Enrico Gratton Wins Argentina’s 2024 LELOIR Award

UCI Distinguished Professor Emeritus Enrico Gratton

June 11, 2025 - Enrico Gratton has won the 2024 LELOIR Award in the field of exact and natural sciences. The award is the highest honor given to a foreign researcher by Argentina’s Ministry of Science, Technology and Innovation. Every year, the ministry presents the award to a distinguished global researcher who has supported the growth of Argentina's scientific and technological development.
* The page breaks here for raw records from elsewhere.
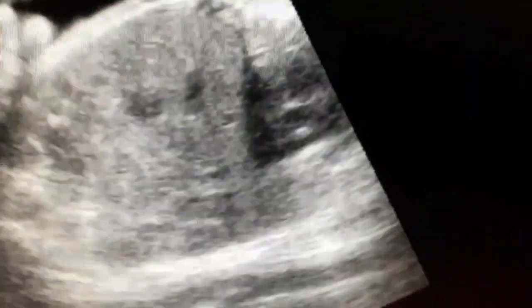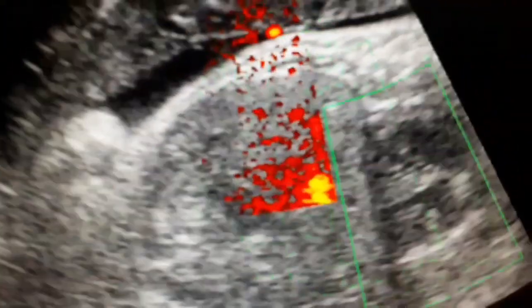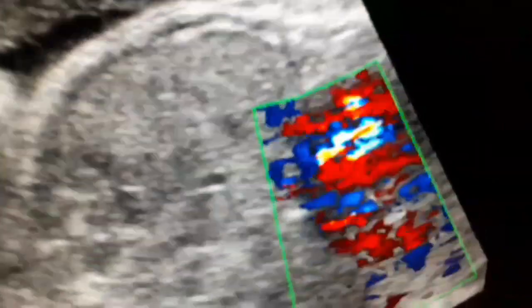Here you can appreciate the full four-chamber view of the heart. The right ventricle appears thickened due to the moderator band fiber — it is thicker than the left ventricle. The left ventricle is not as thick as the right. You can appreciate the interventricular septum as well. With color Doppler, blood flowing toward you appears red and blood flowing away appears blue.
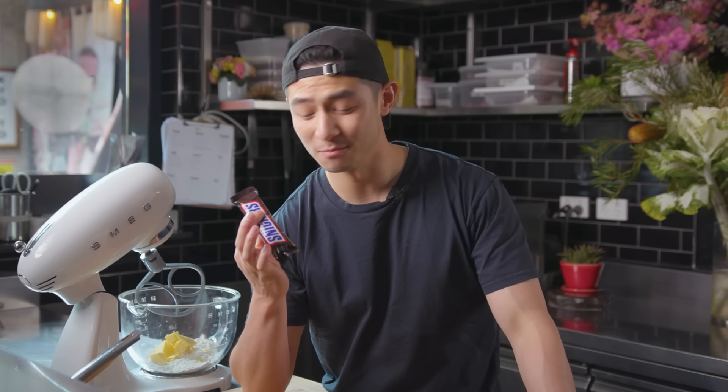Snickers! The iconic Snicker bar. I'm not a big fan of chocolate bars, but actually not too bad. It kind of makes sense. This is the first time I've actually tried Snickers. I just know the flavours, how it's going to taste. I'm just not a big fan of peanuts, chocolate and caramel. Everything is too sweet.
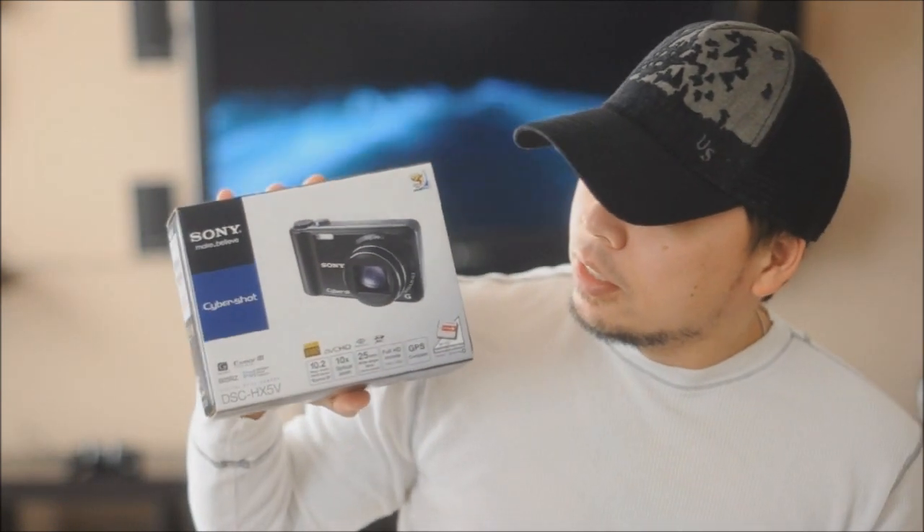Hello YouTube! Today I'm going to be doing the unboxing of this new Sony Cybershot DSC-HX5B.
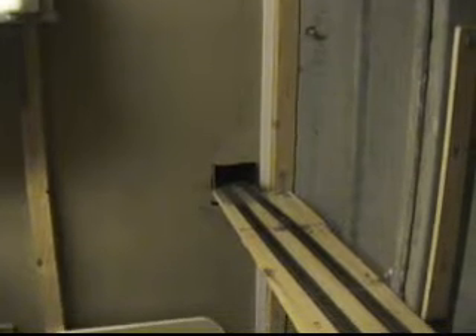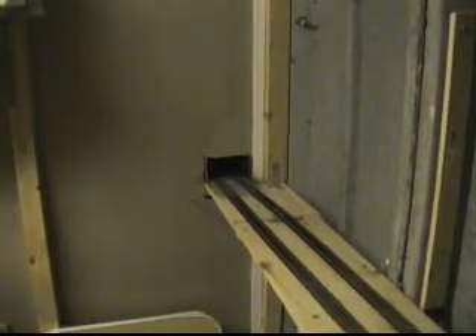Hello and welcome to the layout extension and update series. I'm filming as I go along here with the progressive update and the extension of my working layout I'm building at the moment.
Enrico Gratton has made a lasting contribution to the advancement of cutting-edge microscopy in Argentina through his longstanding collaboration with Professor Laura Estrada. Their joint efforts led to the establishment of the only operational two-photon 3D orbital tracking microscope in Latin America, significantly expanding the country’s capacity for high-resolution, live-cell imaging and quantitative biophysics. His commitment also extended well beyond Buenos Aires, supporting the development of advanced optical techniques and laboratory capabilities in provinces across the country, fostering national networks and reducing the technological gap in advanced microscopy.

Argentina’s National Institute of Industrial Technology Executive Director Marcelo Marzocchini said the award recognizes Gratton’s “significant contributions to the strengthening of our National Scientific and Technological System, as well as invaluable efforts in fostering its engagement with the scientific systems of the Italian Republic and the United States of America.”

Gratton is an UCI Distinguished Professor Emeritus in biomedical engineering and professor of physics and astronomy. He led the first national facility, the Laboratory for Fluorescence Dynamics (LFD), dedicated to fluorescence spectroscopy. At the LFD, scientists use fluorescence to study cellular processes. These include protein aggregation, membrane interaction, and migration of cells to track moving particles and analyze collagen formation and deformation. The research provides insight into cellular function and can be applied to the diagnosis and treatment of human diseases. The LFD is an 8,000 square foot state-of-the-art laboratory that also offers free technical assistance to visiting scientists.

Gratton’s work spans across biophysics, biochemistry, molecular biology, nuclear medicine and biomedical engineering. Under his guidance, more than 50 students have earned doctorates and many now occupy critical roles in academia and at research institutions.

The LELOIR awards honors foreign scientists, researchers, and technologists who have contributed to strengthening the scientific and technological capabilities of Argentina.  The award is named after Luis F. Leloir, the winner of the Nobel Prize in Chemistry 1970.